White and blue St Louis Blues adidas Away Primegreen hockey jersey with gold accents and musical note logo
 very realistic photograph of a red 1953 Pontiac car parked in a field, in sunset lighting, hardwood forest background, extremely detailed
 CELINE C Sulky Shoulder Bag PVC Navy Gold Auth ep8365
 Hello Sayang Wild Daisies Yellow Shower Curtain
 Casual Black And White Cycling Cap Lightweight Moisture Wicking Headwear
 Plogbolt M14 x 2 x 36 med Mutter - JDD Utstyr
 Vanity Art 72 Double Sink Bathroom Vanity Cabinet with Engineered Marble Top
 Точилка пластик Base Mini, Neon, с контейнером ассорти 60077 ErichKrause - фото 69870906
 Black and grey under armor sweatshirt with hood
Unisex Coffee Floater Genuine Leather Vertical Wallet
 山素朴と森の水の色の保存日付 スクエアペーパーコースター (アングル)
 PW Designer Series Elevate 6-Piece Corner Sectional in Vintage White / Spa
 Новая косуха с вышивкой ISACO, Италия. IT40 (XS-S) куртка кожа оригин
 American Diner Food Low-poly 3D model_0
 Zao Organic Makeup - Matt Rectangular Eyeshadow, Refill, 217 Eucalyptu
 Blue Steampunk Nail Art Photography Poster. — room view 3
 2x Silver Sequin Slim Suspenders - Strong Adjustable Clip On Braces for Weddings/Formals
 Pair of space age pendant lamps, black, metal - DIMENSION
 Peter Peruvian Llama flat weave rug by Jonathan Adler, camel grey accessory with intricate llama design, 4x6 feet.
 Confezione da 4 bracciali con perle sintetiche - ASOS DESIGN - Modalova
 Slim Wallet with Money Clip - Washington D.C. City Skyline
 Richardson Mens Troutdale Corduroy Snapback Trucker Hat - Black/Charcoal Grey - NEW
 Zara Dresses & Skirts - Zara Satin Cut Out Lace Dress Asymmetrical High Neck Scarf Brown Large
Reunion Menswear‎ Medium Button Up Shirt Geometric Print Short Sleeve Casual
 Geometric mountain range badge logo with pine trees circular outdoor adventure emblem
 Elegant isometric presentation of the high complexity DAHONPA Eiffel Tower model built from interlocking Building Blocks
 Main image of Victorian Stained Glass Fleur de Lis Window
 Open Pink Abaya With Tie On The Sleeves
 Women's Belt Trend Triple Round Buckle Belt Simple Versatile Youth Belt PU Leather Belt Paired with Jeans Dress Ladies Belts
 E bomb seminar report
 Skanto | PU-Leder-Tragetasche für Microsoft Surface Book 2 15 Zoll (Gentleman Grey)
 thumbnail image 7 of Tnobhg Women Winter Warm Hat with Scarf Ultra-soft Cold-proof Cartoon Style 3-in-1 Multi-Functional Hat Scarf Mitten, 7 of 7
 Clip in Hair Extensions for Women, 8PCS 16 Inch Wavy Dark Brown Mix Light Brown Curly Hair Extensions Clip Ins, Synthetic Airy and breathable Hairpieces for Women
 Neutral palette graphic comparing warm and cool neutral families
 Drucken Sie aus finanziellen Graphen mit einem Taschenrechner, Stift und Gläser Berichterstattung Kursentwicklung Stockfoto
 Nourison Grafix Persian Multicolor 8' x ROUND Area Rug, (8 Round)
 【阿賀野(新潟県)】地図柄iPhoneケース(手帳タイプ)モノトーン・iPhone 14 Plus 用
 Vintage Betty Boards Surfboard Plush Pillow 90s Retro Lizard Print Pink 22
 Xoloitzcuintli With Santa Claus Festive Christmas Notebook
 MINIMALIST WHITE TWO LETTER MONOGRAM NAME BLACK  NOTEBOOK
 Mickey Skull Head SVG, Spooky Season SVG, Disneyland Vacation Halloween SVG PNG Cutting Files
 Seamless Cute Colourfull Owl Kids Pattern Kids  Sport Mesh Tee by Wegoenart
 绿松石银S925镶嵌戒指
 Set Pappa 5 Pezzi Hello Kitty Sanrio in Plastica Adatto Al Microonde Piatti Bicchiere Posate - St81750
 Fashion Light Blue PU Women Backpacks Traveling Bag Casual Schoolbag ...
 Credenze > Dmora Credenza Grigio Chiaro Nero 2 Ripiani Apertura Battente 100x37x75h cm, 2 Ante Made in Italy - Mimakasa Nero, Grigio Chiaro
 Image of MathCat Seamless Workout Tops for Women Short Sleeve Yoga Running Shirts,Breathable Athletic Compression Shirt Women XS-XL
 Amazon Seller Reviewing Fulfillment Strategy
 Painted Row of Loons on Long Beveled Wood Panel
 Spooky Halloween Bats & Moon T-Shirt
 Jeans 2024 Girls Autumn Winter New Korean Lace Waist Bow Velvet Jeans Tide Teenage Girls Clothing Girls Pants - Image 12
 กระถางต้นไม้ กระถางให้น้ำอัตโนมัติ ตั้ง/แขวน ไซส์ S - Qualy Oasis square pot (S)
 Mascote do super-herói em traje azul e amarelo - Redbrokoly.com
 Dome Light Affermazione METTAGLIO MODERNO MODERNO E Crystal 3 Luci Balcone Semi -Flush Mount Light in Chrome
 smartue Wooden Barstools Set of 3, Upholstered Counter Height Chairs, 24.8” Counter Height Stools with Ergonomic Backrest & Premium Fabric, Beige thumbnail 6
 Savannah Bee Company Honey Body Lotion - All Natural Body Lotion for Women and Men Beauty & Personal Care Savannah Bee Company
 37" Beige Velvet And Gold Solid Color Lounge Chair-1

▶ EXERCISE DESCRIPTION
Give back, exactly and with nothing added, the lines from the line containing "smartue Wooden Barstools" through the final line of the records above, both of them included.

▶ YOUR SOLUTION
 smartue Wooden Barstools Set of 3, Upholstered Counter Height Chairs, 24.8” Counter Height Stools with Ergonomic Backrest & Premium Fabric, Beige thumbnail 6
 Savannah Bee Company Honey Body Lotion - All Natural Body Lotion for Women and Men Beauty & Personal Care Savannah Bee Company
 37" Beige Velvet And Gold Solid Color Lounge Chair-1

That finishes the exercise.